__Work request__
Below this line are records; transcribe exactly the lines between the one holding "CHANEL BROWNLINE SUNGLASSES" and the one holding "Shop STONE ISLAND", inclusive, and omit the pictures.

__Dataset records__
════

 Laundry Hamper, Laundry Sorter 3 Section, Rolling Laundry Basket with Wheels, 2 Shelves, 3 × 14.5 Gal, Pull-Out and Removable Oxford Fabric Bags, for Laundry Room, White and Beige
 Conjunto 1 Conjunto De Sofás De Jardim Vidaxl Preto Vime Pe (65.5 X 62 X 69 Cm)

════

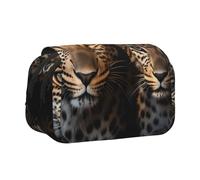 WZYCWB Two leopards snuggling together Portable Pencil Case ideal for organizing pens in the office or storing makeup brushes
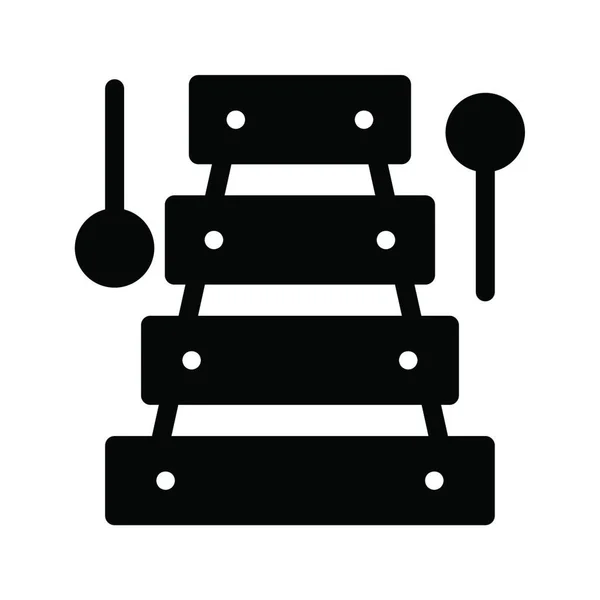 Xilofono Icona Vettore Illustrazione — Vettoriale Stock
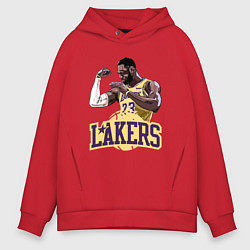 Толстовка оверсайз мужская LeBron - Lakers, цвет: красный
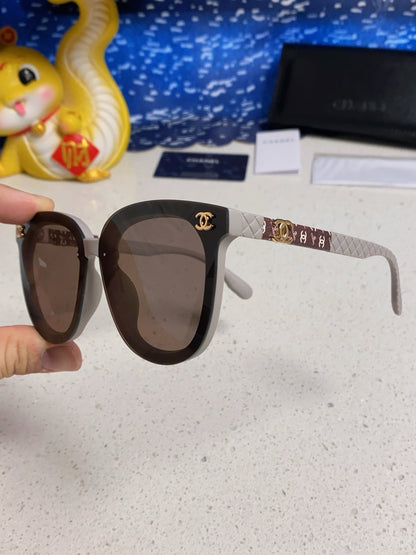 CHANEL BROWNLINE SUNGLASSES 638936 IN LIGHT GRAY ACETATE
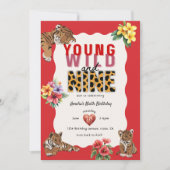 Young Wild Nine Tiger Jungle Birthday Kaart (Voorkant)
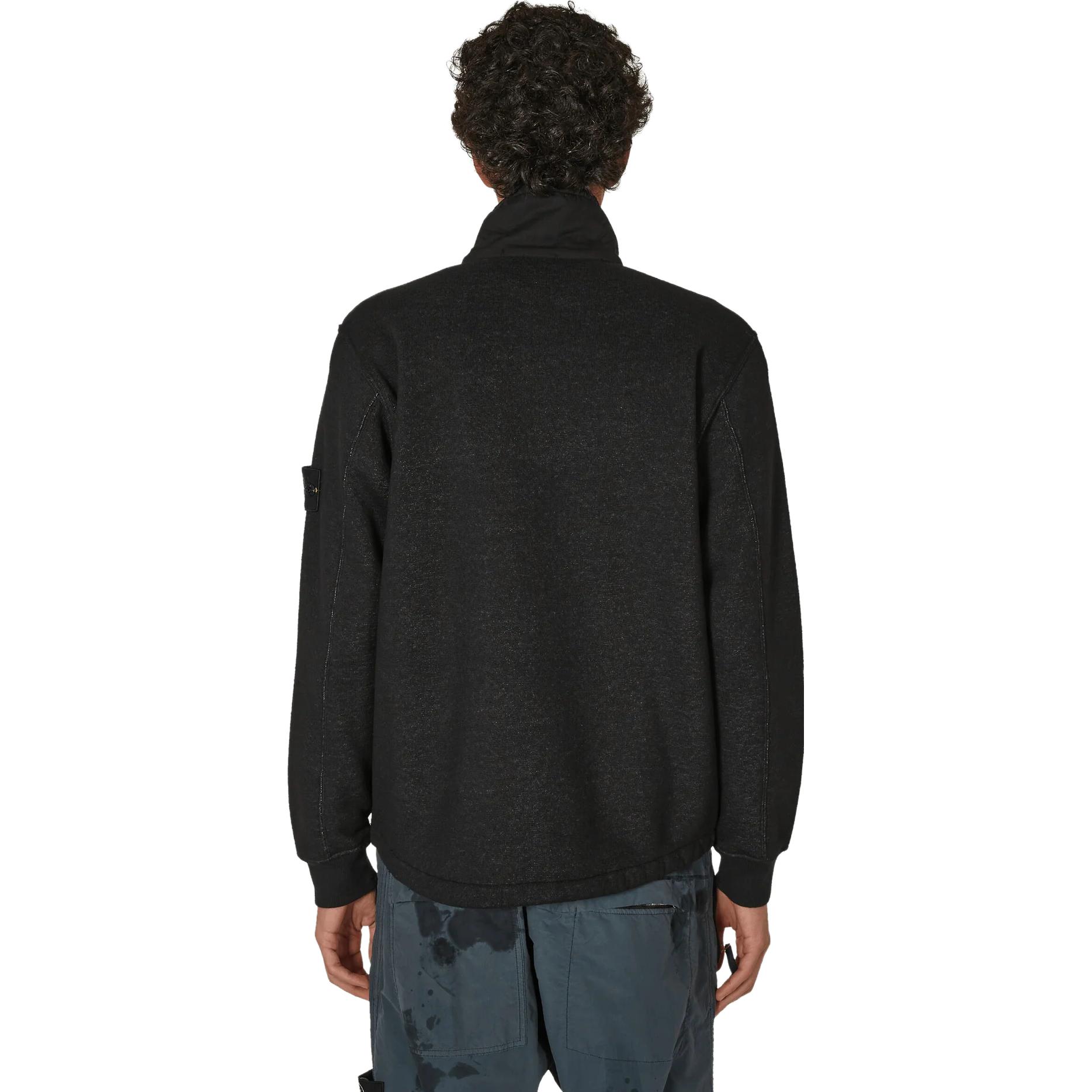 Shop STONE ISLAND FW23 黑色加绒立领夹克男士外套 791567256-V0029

════

__Answer__
 CHANEL BROWNLINE SUNGLASSES 638936 IN LIGHT GRAY ACETATE
 Young Wild Nine Tiger Jungle Birthday Kaart (Voorkant)
 Shop STONE ISLAND FW23 黑色加绒立领夹克男士外套 791567256-V0029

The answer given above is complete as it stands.